Paira entre os que defendem a permanência das atividades no Carlos Prates uma imagem subjetiva daquilo que elas de fato simbolizam à população da região Noroeste. Um olhar permeado por elementos como a memória coletiva e a retórica histórica para invocar um sentimento de merecimento legitimado, transcendente. “Para nós é muito importante o papel que exercemos há mais de 80 anos. A comunidade precisa entender que não existe toda essa insegurança que ela alega. A questão do barulho é uma minoria que se manifesta, a maioria do entorno aceita as atividades”, argumenta Enedina, passionalmente. “Se isso aqui não continuar como Aeroporto, prejudicará todo mundo que mora ao redor de alguma forma. Um novo Parque? Vão administrar como o atual, tomado pelo mato e abandono? E se construírem prédios? Verão a sobrecarga no trânsito das principais vias. Não podemos ir para aeroportos grandes, eles funcionam em outra lógica comercial: a atividade de formação não conseguiria se adequar nem ter as condições necessárias para funcionar”, justifica Enedina.
Contudo, a distante relação que se estabeleceu entre o Aeroporto e a comunidade da Regional Noroeste é o único dialeto compreendido por ambos os lados. As pessoas que convivem dentro do Carlos Prates reconhecem que, historicamente, o local perdeu a sua aura provinciana e um tanto do apelo memorial na vida das pessoas além das cercas e dos muros. Alguns culpam o tempo, sempre ele, que cisma em passar e ressignificar tudo e todos que se atrevem a cruzar o seu caminho. Acreditam que algo se perdeu de dentro para fora, numa esquina do compromisso entre o Aeroporto para com o mundão que o cerca há oito décadas. Esse fenômeno não é algo exclusivo do Carlos Prates. Historicamente, as atividades aeroportuárias não costumam se preocupar tanto com as áreas externas aos seus limites. Talvez pelo caráter seleto – ou elitista? – dessas atividades, os praticantes parecem adotar uma visão antolhada, absorta nos intramuros e que, a conta-gotas, vai se distanciando de uma já fragilizada relação. Distâncias e disputas no campo físico e no simbólico entre Aeroporto e Noroeste que se transformaram ao longo dos anos, configurando hoje uma luta sem margem de recuo por parte da população contra o empreendimento e vice-versa.
“Acho o Aeroporto uma necessidade, são 80 anos aqui. Concordo que, da nossa parte, tínhamos de nos aproximar da comunidade, isso se perdeu com o tempo e tantas discussões. O pessoal que mora ao redor se sente acuado, nunca mais veio nos visitar e nós também deveríamos fazer esse esforço de nos abrirmos mais. Incentivar iniciativas sociais, retribuir de alguma outra forma, isso eu acho que devemos fazer. Já discutimos internamente algumas ações, mas nunca fizemos”, analisa Cecília Espínola, uma senhora de sorriso simpático e traços delicados, pilota há mais de 20 anos no Carlos Prates.

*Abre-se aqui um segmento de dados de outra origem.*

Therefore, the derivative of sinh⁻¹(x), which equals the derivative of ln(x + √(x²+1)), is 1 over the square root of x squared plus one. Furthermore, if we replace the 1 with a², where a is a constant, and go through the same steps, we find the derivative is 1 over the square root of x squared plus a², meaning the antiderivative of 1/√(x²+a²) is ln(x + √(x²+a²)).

São argumentos que afluem no espectro da memória. Para o lado de dentro da pista, refletem instintos e esforços de uma coletividade que, à sua maneira e fiel aos seus interesses específicos, busca se fazer valer e ocupar o lugar que acredita ter – e tem – na memória do ontem e no presente da Regional Noroeste. Ainda que soem subjetivos, percebe-se que tais razões partem de um ponto importante para muitas pessoas que ali sedimentaram significados às suas vidas ao longo de todo esse tempo, assim como aqueles que vinham aos domingos ver os paraquedistas caírem do céu. Entendem que também são merecedoras desse espaço que paira na memória coletiva do local, mesmo que as suas justificativas colidam com a realidade à sua volta. Esse complexo desencontro é o principal reflexo de uma questão que, intimamente, todas as partes conhecem bem a resposta: há como interesses tão antagônicos coexistirem?
Noroeste e Aeroporto: testemunhas do ontem e do hoje. E do amanhã?
Durante toda a sua história, a Noroeste foi calejada por grandes desafios. Hoje, vê-se diante de novas urgências, lutando por mais sustentabilidade, por melhorias da mobilidade urbana e pela preservação de seu patrimônio ambiental, social e cultural. A discussão acerca do futuro do Aeroporto Carlos Prates flerta com esse sorvedouro. Parte da sociedade civil da região se articula em coletivos e movimentos populares para exigir a desativação das atividades no Aeroporto. Enxergam no terreno um lugar que, revitalizado para o uso público coletivo, poderia reduzir os impactos ambientais causados pelo adensamento populacional e pelas diversas atividades econômicas realizadas na cidade. Dentre as nove regionais, a Noroeste é a que possui o menor número de áreas verdes, apenas duas.
A proposta do governo federal é encerrar as operações do Aeroporto e negociar o terreno com o setor imobiliário. Já a Prefeitura de Belo Horizonte, que, até o fim de 2021, não tinha interesse em assumir a operação, resolveu mudar de posicionamento e receber a administração do local, após terem sido “procurados por uma entidade importante para manter os trabalhos que estão lá (...) por isso mudamos de opinião e estamos dispostos a receber o aeroporto, fazer projeto de utilização dele mais eficiente e mais rentável, não vamos fazer empreendimento imobiliário”, alegou o então vice-prefeito de Belo Horizonte, Fuad Noman, em audiência pública na Câmara dos Deputados em 16 de dezembro de 2021. Seja qual for o seu destino, o Aeroporto Carlos Prates sempre terá sido um elemento fundamental na história da Regional Noroeste. Não a explica por completo, mas encurta alguns dos caminhos para tal. Testemunha constante e fiel, com lastro suficiente para relatar parte da história da região e, por que não, da sempre irrequieta Belo Horizonte, através de tantos períodos marcantes e das inúmeras transformações que acompanhou ao longo de 80 anos.
Enquanto escrevo as últimas linhas, ouço o rasgado de mais uma aeronave passando sobre a minha cabeça. Não foi a primeira e nem a segunda, não será a última também. É assim o dia inteiro, todos os dias. Confabulo sobre como o próprio Aeroporto Carlos Prates enxergaria todas essas disputas entre memória e realidade que o cercam. Como um bom mineiro, acredito que estaria ressabiado com o que fizeram dele: um ser estranho, indesejado, um inóspito objeto político. Talvez preferisse acompanhar a situação agarrado às memórias daqueles sábados e domingos nos quais foi importante e significou algo diferente do que é hoje; de quando a partir dele, pelos seus gramados e ao seu redor, as pessoas se divertiram, se encontraram, perambulavam entre seus caminhos e usufruíram da sua existência como se usufrui da de um importante companheiro em tempos mais simples.
- Ambos os entrevistados optaram por ser identificados apenas pelo primeiro nome.
Enquanto escrevo as últimas linhas, ouço o rasgado de mais uma aeronave passando sobre a minha cabeça. Não foi a primeira e nem a segunda, não será a última também.